◆ **WHAT THE TASK ASKS**
Each record below should be output verbatim, without pictures.
AVAILABLE RECORDS Start Marker
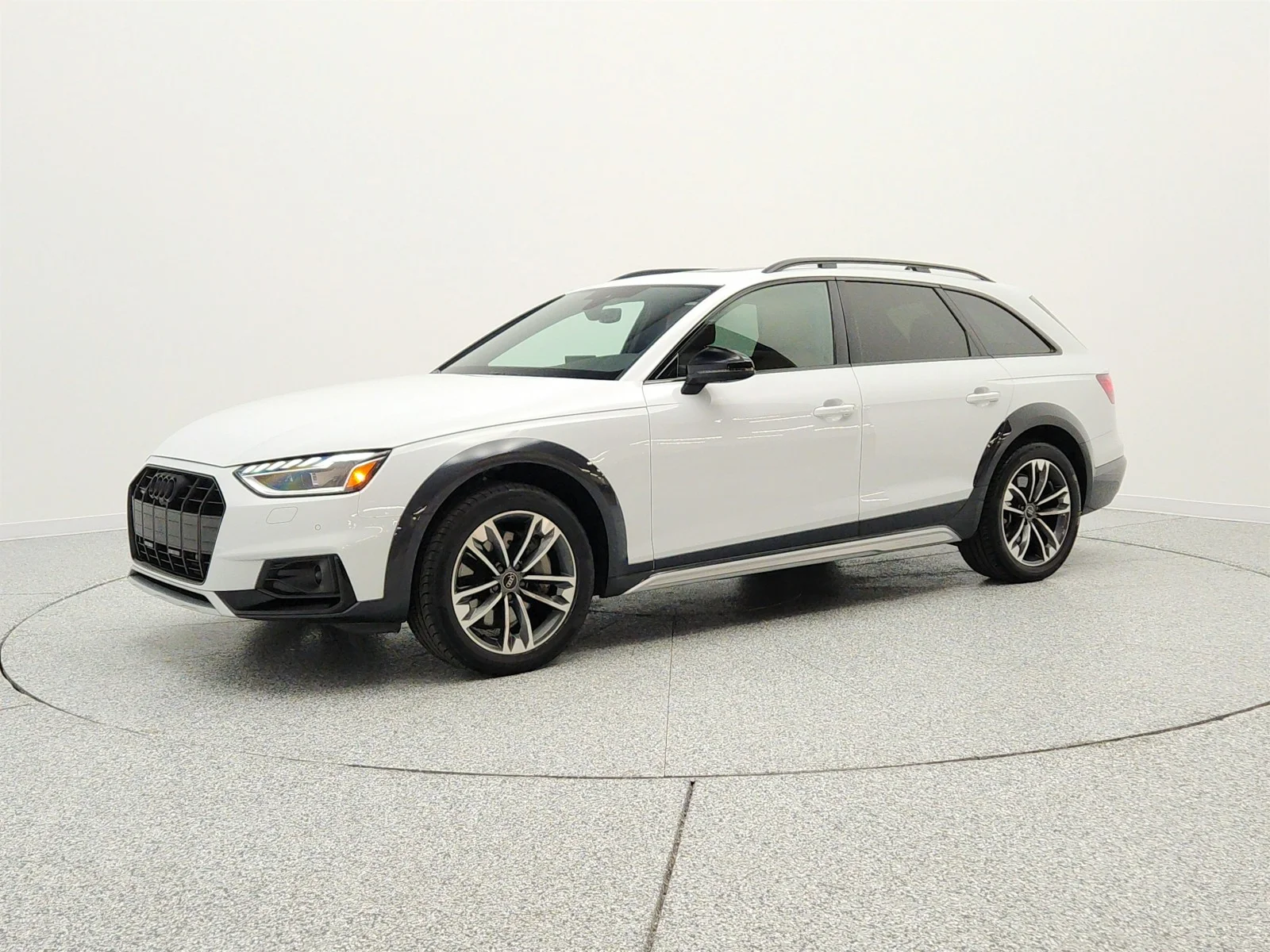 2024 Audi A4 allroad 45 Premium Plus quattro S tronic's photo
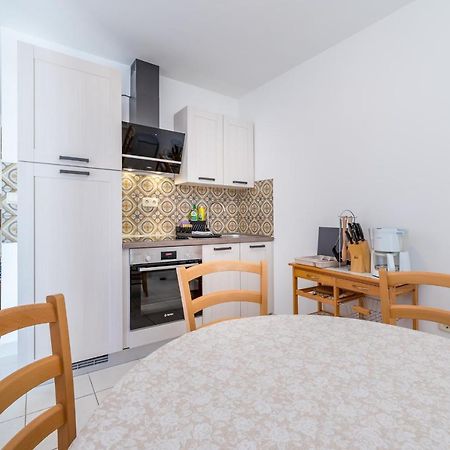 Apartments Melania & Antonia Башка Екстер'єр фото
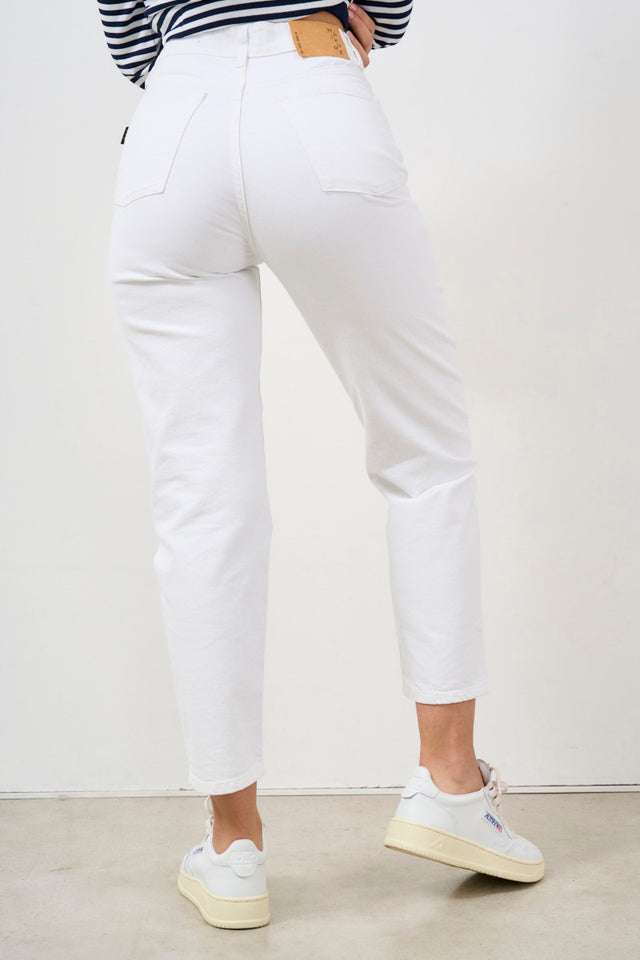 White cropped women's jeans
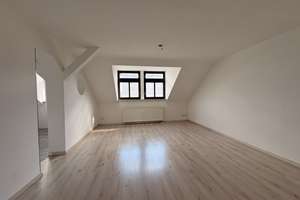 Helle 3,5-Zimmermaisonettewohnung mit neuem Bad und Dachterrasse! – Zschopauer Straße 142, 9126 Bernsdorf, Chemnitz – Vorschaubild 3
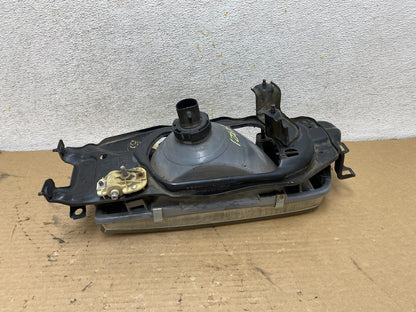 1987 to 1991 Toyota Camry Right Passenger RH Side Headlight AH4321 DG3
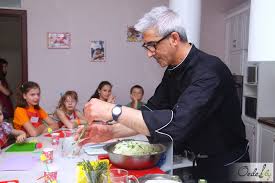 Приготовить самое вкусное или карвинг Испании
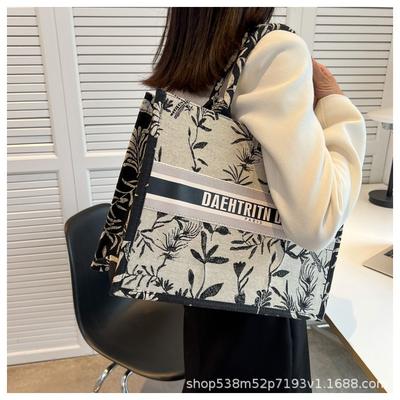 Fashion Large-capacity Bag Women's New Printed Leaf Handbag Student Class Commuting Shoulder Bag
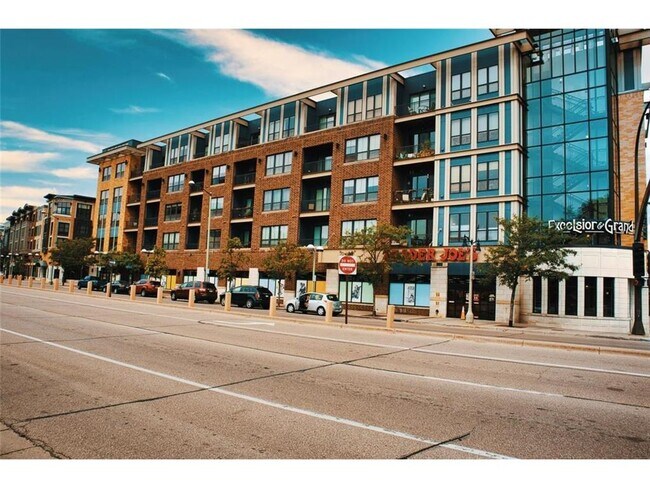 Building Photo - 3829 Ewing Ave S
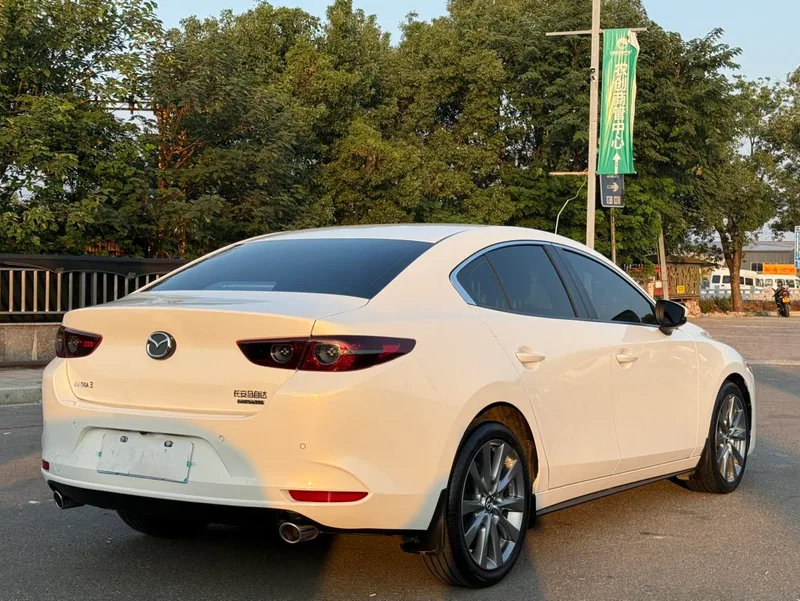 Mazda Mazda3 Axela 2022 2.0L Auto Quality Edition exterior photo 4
AVAILABLE RECORDS End Marker
◆ **SOLUTION BELOW**
 2024 Audi A4 allroad 45 Premium Plus quattro S tronic's photo
 Apartments Melania & Antonia Башка Екстер'єр фото
 White cropped women's jeans
 Helle 3,5-Zimmermaisonettewohnung mit neuem Bad und Dachterrasse! – Zschopauer Straße 142, 9126 Bernsdorf, Chemnitz – Vorschaubild 3
 1987 to 1991 Toyota Camry Right Passenger RH Side Headlight AH4321 DG3
 Приготовить самое вкусное или карвинг Испании
 Fashion Large-capacity Bag Women's New Printed Leaf Handbag Student Class Commuting Shoulder Bag
 Building Photo - 3829 Ewing Ave S
 Mazda Mazda3 Axela 2022 2.0L Auto Quality Edition exterior photo 4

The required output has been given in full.